Speed Without Compromise

Although I have now pointed out how the end-around carry allows accurate division by a fixed amount through multiplication by the reciprocal, requiring that for every memory access, although a few gate delays are insignificant compared to the access time of DRAM, still seems to me to fall short of the ideal at which I am aiming.

How can accessing data in memory, when that data is of odd lengths, be made as fast, straightforward, and simple as accessing memory in power-of-2 lengths on conventional architectures?

On further reflection, I found one further alternative for where to place the inevitable compromises that such a system must have, so that they don't get in the way of handling data with more flexible lengths in an efficient manner.

Before decimalisation in Britain, many computers made for use in the United Kingdom had a limited provision for mixed-radix arithmetic, so as to handle financial calculations involving the old British monetary system of pounds, shillings, and pence, with 20 shillings to the pound, and 12 pence to the shilling.

And so I propose to use mixed-radix arithmetic to facilitate addressing memory in which data items are aliquot parts of a memory word, where the number of these data items in a memory word, although it comes out even, is other than a power of two.

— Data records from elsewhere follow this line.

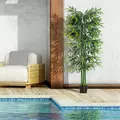 Outsunny 6ft Artificial Bamboo Tree Plant Greenery in A Pot for Home Office Planter 1.8M - 4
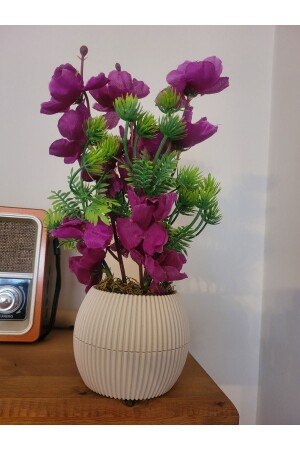 Doğal Taş Yosunlu Saksıda Yapay Çiçek Dekoratif Saksı Masa Çiçeği Dekor Küçük Boy - La Bella Bazar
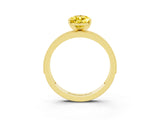 Yellow gold Pear Cut Yellow Sapphire Milgrain Pavé Engagement Ring with Four-Prong Setting_27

Thus, this page follows on from the ideas presented on this earlier page, where diifferent lengths of data items are handled by building addressing around a fixed unit that is a multiple of the lengths of each of the different data items was first presented.

As a concrete example:

Imagine a computer in which the RAM is organized into lines of data that are 180 bits wide.

Each such line, therefore, consists of four 45-bit words. But, in addition, it can be divided into:

Five single-precision floating-point numbers that are 36 bits long,

Three double-precision floating-point numbers that are 60 bits long.

If one has an intermediate-precision floating-point number that is 45 bits long, then it will offer only 10 digits of precision instead of 11 digits, but that may still allow it to be useful on occasion as an alternative to single precision.

Base registers on the kind of architecture I propose wouold contain pure binary numbers, those numbers being the address of a 180-bit memory line.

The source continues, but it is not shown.